■ What to work on
Set down every line from the one containing "1-к кв. Москва" through the last line of the records below, exactly as written, and leave out the pictures.

━━ Extracted entries

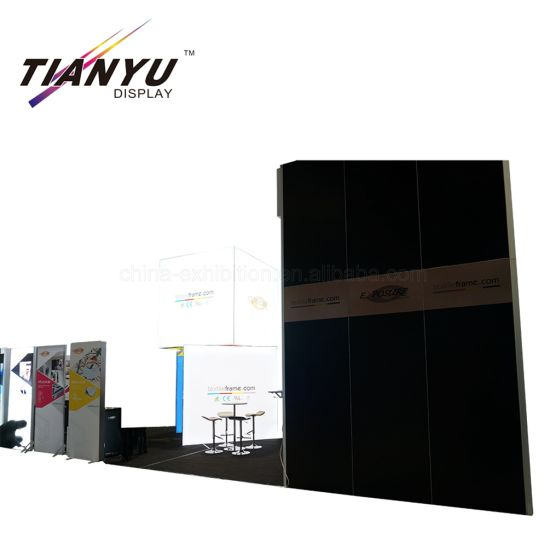 Modular Booth Design Trade Show Booth Display for Fabric Graphic
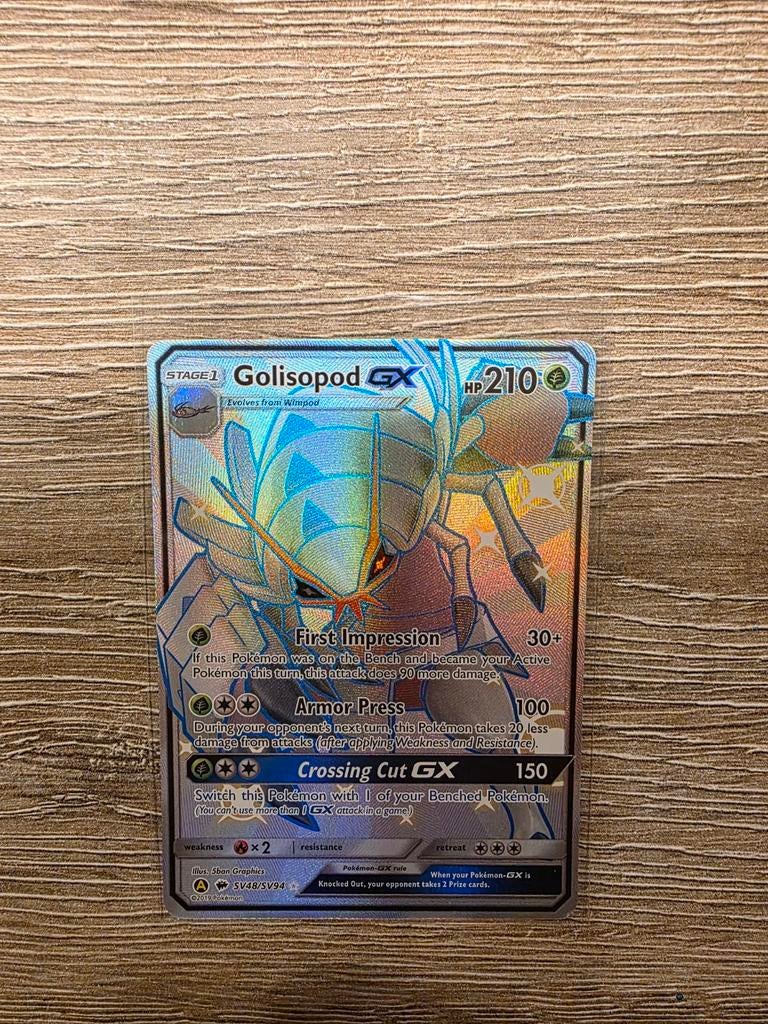 Golisopod GX SV48/SV94, Ophalen of Verzenden
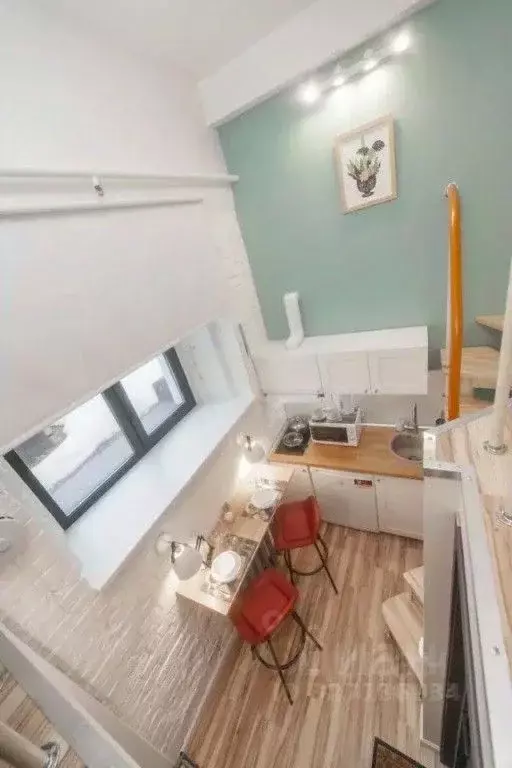 1-к кв. Москва Нижняя Красносельская ул., 35С2 (18.0 м) - Фото 1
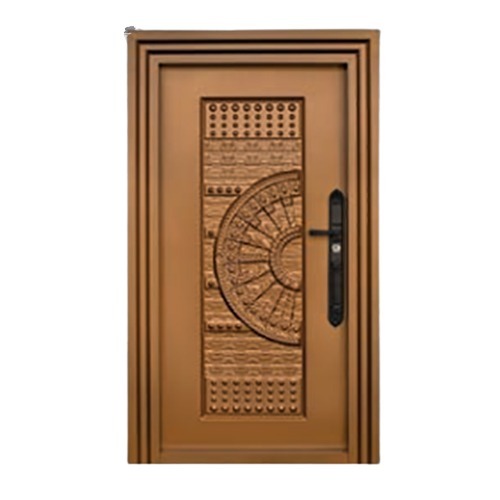 Ptr 700 Premium Steel Doors - Color: Brown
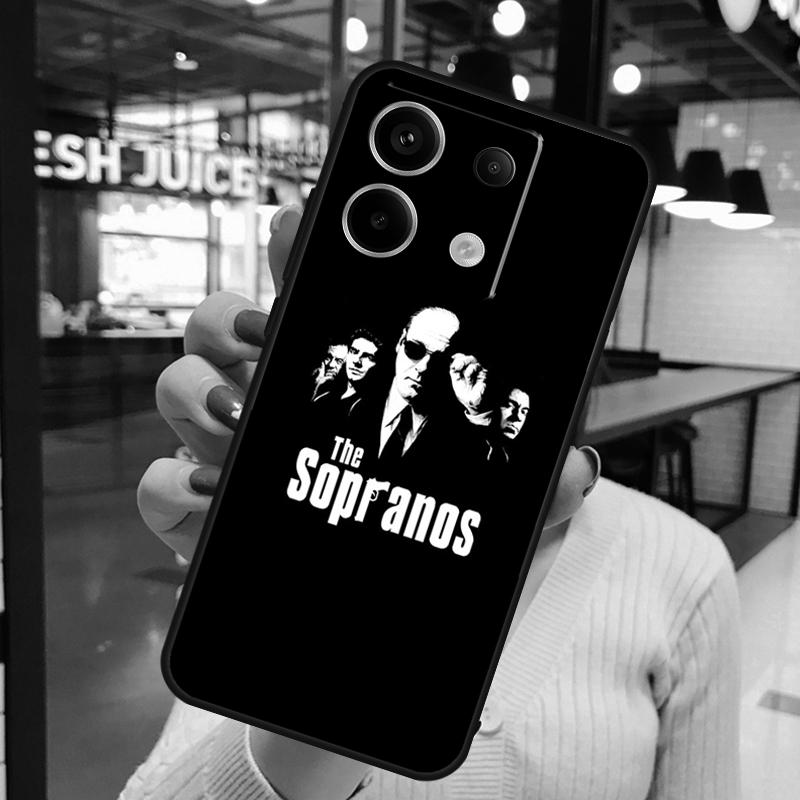The Sopranos TV Series Case For Xiaomi Redmi Note 14 Pro 10 11 12 13 15 Pro Plus Redmi 15C 14C 10C 12C 13C 15 Cover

━━━━

■ Response below
 1-к кв. Москва Нижняя Красносельская ул., 35С2 (18.0 м) - Фото 1
 Ptr 700 Premium Steel Doors - Color: Brown
The Sopranos TV Series Case For Xiaomi Redmi Note 14 Pro 10 11 12 13 15 Pro Plus Redmi 15C 14C 10C 12C 13C 15 Cover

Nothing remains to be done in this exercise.